Zu diesem Zeitpunkt waren seine Fronten teilweise okkludiert, d.h. sie verbanden die Eigenschaften einer Warm- und Kaltfront. Die Okklusion lag vor der isländischen Westküste und brachte dort bei leichtem Dauerfrost starken Schneefall. Südlich von Island, westlich der Nordküste Schottlands, teilte sie sich in eine Warmfront, die die irische Westküste erreichte und dort bei zweistelligen Plusgraden leichten Regen brachte und in eine Kaltfront, die über dem Atlantik lag.

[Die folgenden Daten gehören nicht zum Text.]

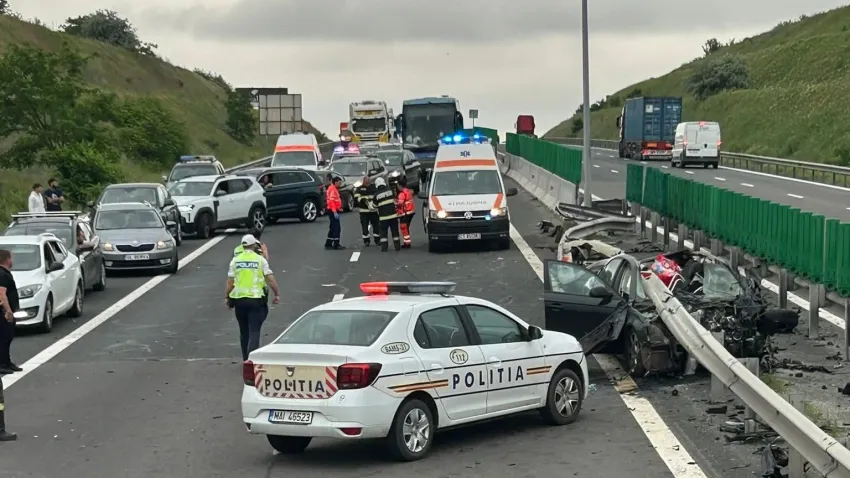 Trei răniți după ce un autoturism a lovit glisiera mediană pe autostrada A2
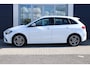 Mercedes-Benz B-klasse 250 e AMG Line | Cruise Control | Trekhaak | Stoelverwarming | Camera | Alcantara | Keyless | Navi | Carplay | Carbon | Sfeerverlichting |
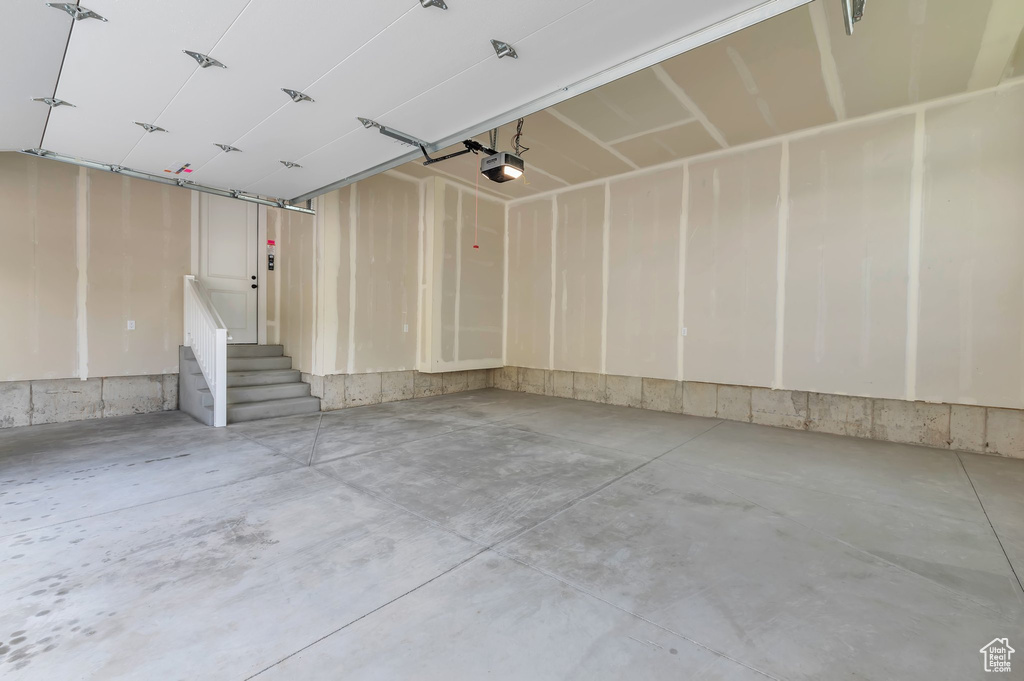 551 W SUMMERHILL LN Centerville, UT 84014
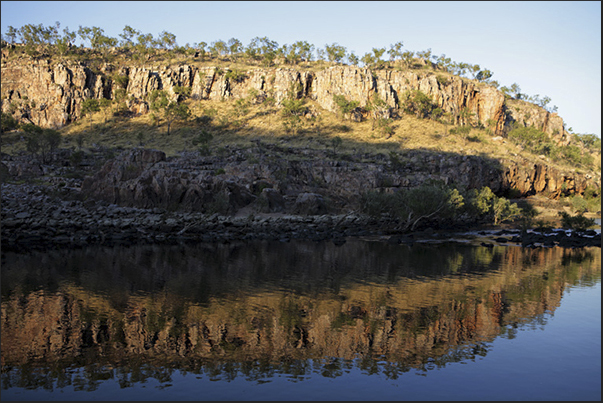 Katherine Gorge (Nitmiluk National Park). The rocky cliff of the canyon Katherine Gorge (Nitmiluk National Park). The rocky cliff of the canyon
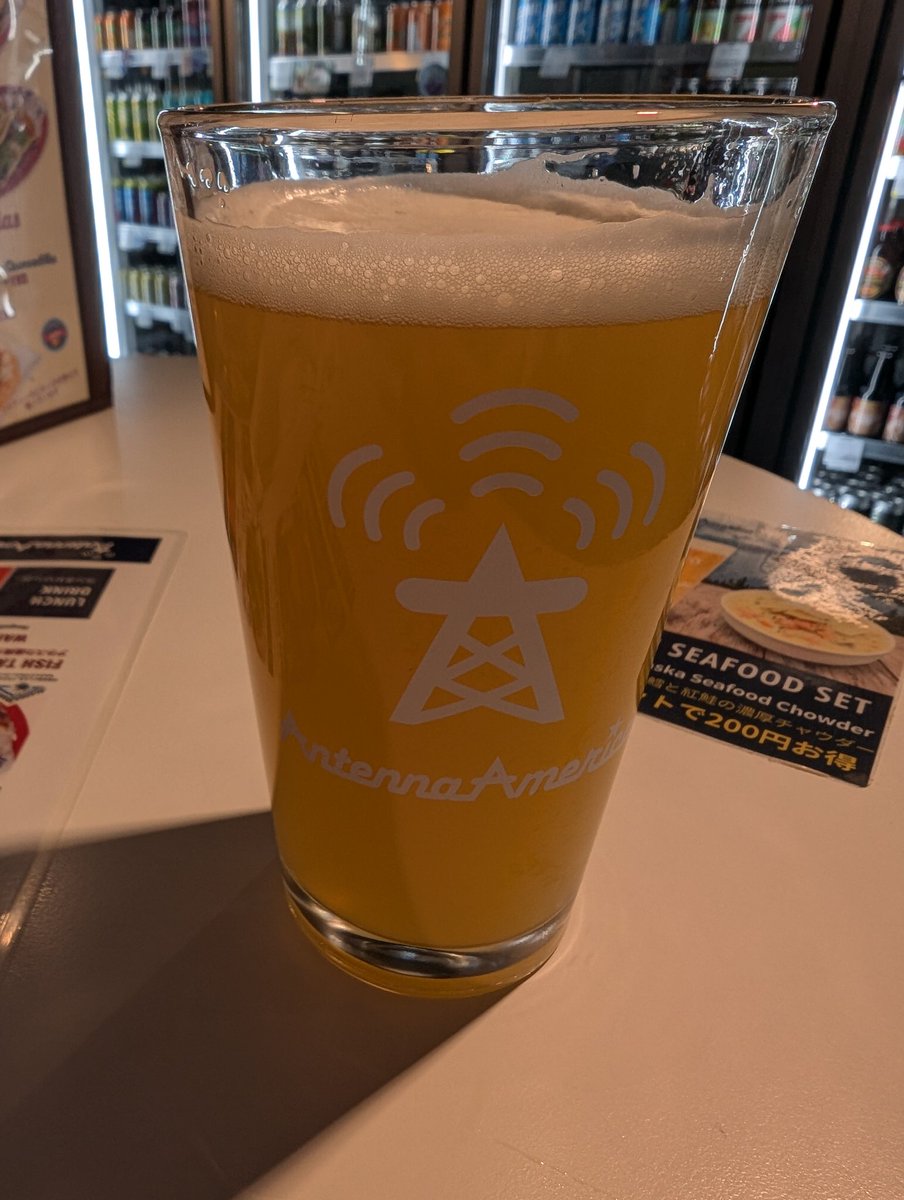 h_koh128's tweet photo. 今シーズン初レース(10km)を終えたのでこの時間から飲む
1週間前に足を挫いたことを考えればタイムは及第点
次は4週間後のハーフ, さすがに練習しないとやばいな https://t.co/658bZjsGQX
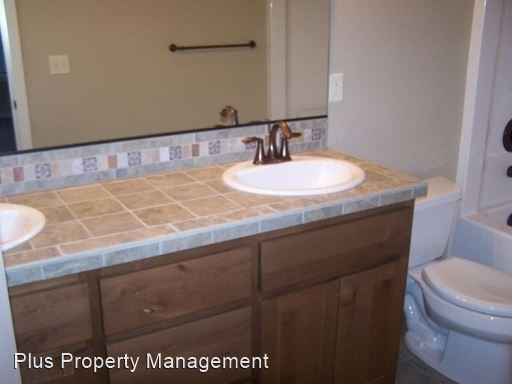 Foto del edificio - 3 br, 2.5 bath House - 415 NW 25th St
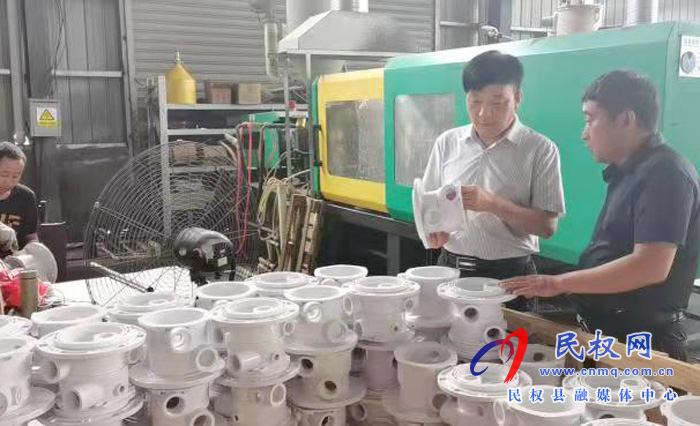 林七乡党委书记王向东利用“助企日”开展企业帮扶活动 林七乡党委书记王向东利用“助企日”开展企业帮扶活动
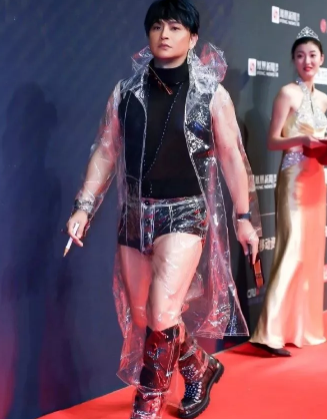 穿丁字裤走红毯，还得了演技大奖！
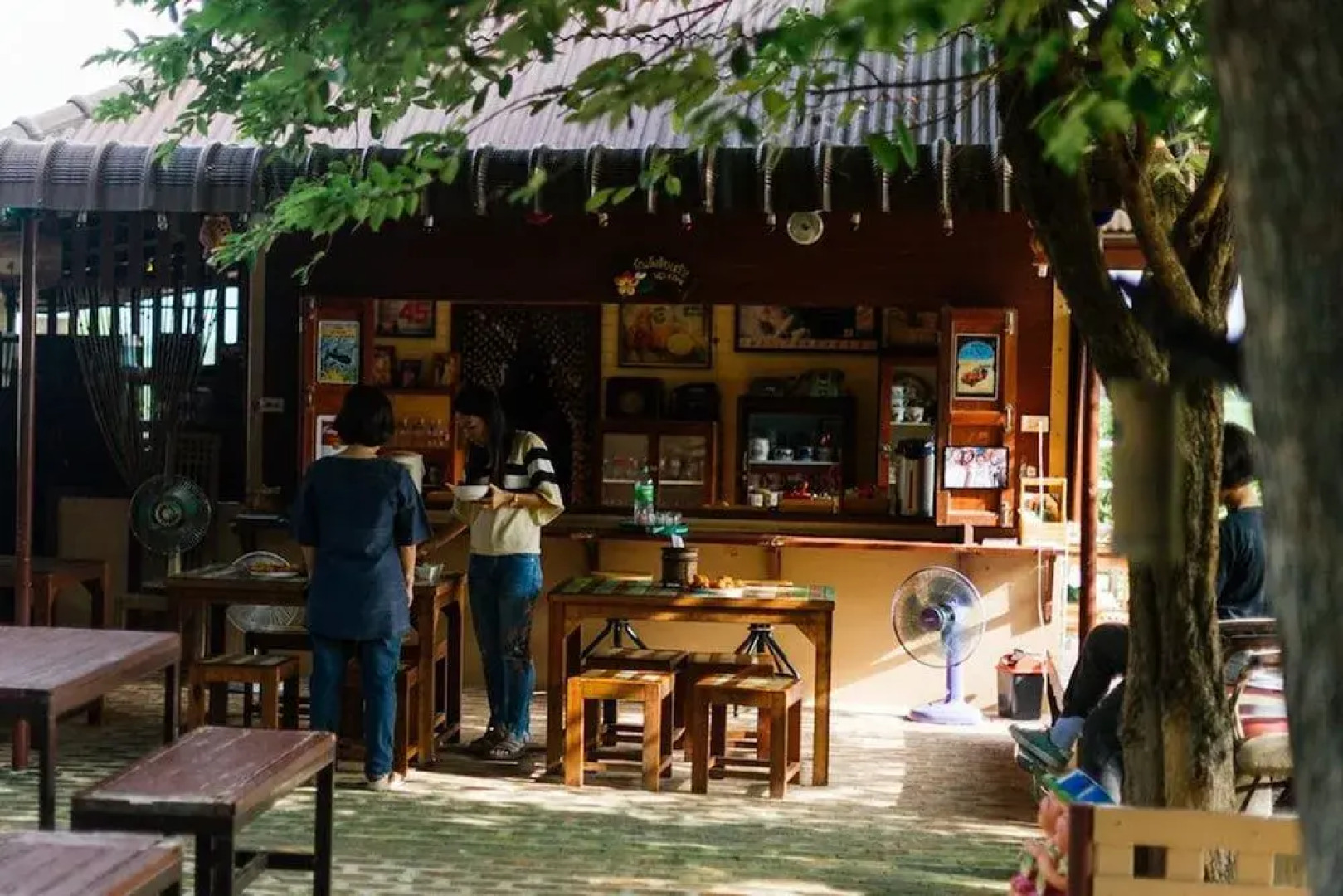 Baan Kasemsuk Resort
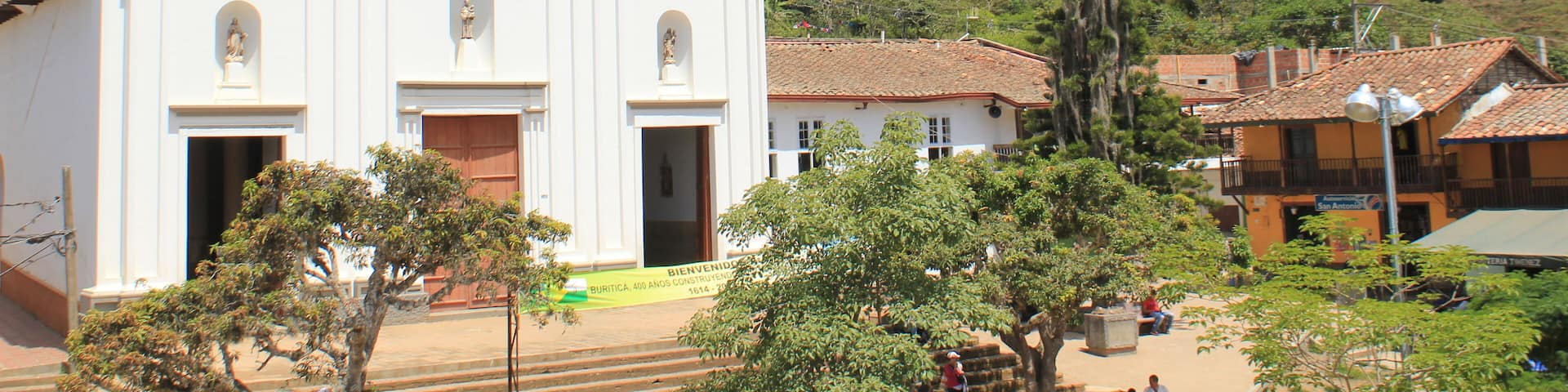 Parque principal. Buriticá, Antioquia, Colombia.
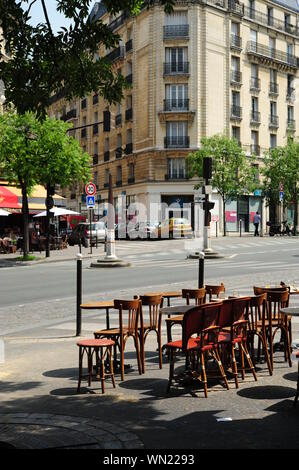 Paris, Straßencafe im 13. Arrondissement - Paris Street Cafe in 13th District Stock Photo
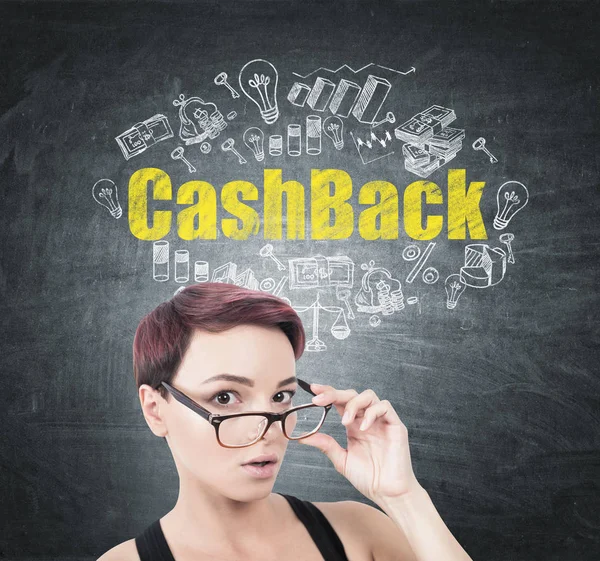 Verrast vrouw opstijgen bril, cashback — Stockfoto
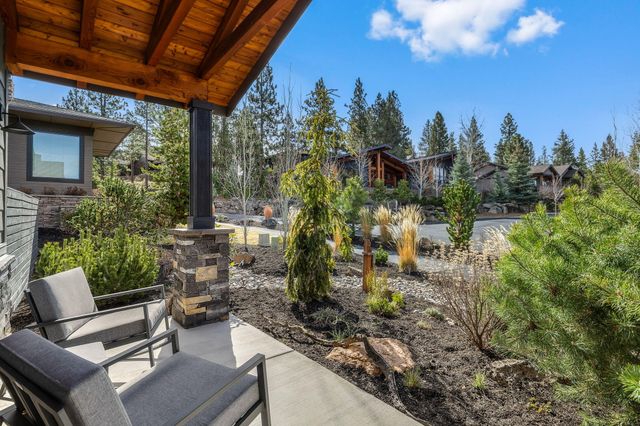 19056 NW Mount Shasta Drive, Bend, OR 97703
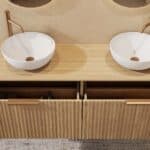 Rond hangend naturel eiken badkamermeubel 160 cm met groevenfront, eiken blad en witte solid surface waskom
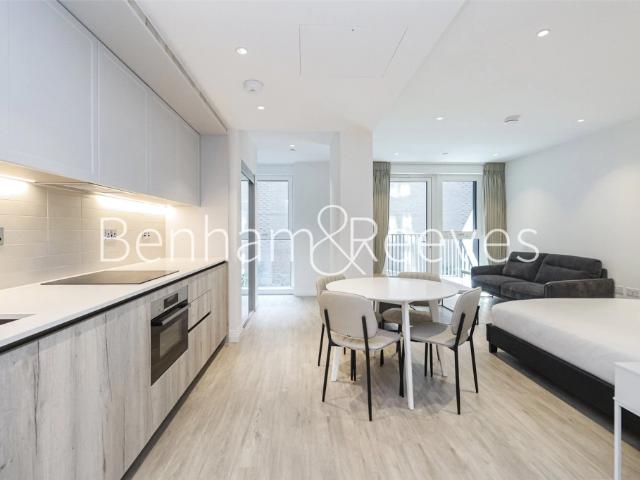 Studio for rent in Oval, Greater London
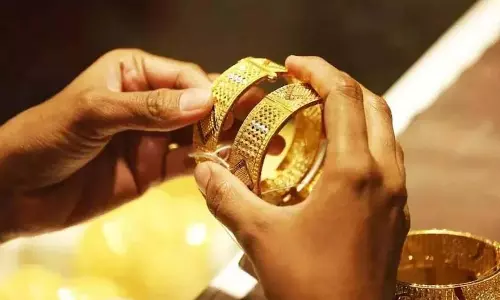 Gold Price : सोने में उछाल: जानें 10 ग्राम की कीमत Gold Price : सोने में उछाल: जानें 10 ग्राम की कीमत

Bis zum 25.01. hatte sich die Zyklone in drei Zentren geteilt. Der gesamte Tiefdruckkomplex lag südöstlich von Grönland und südwestlich von Island, wobei die drei Zentren die Form eines Dreiecks bildeten. In diesem gedachten Dreieck lag das Tief HELGA I mit einem Kerndruck von etwa 989 hPa an der südwestlichen Spitze des Dreiecks über dem Atlantik, südlich der grönländischen Stadt Angmagssalik und auf der Breite der schottischen Nordspitze. Seine Front war komplett okkludiert und verband sich mit der Okklusion des zweiten Wirbels an der gedachten Nordspitze des Dreiecks. Dieses Zentrum lag mit ca. 980 hPa knapp westlich von Island. Über der Ostküste Islands teilte sich die Okklusion in eine Warmfront, die über dem Nordmeer lag, und eine weitere Okklusion, die sich bei Edinburgh in eine Warmfront und eine sehr kurze Kaltfront teilte. Die Warmfront reichte über die Nordsee und Belgien bis nach Südfrankreich. Der Wirbel HELGA III lag bei gleichem Druck mit seinem Kern über der Südküste Islands und war somit die östliche Spitze des gedachten Dreiecks. Seine Okklusion lag über dem Atlantik und spaltete sich westlich der Nordküste Schottlands in eine Warmfront, die bis nach Nordschottland reichte und eine Kaltfront, die westlich von Irland verlief und bis westlich der Azoren über den Atlantik verlief. Im Bereich der Warmfront gab es in Schottland bei Höchstwerten im zweistelligen Plusbereich teils starken Regen, mit maximal 19,2 mm in Skye/Lysa. Mit Durchzug der Kaltfront ging die Temperatur in Irland teilweise deutlich zurück. Während die Temperatur um 6 Uhr noch bei 10 bis 11°C lag, war sie um 18 Uhr auf durchschnittlich 4°C gefallen.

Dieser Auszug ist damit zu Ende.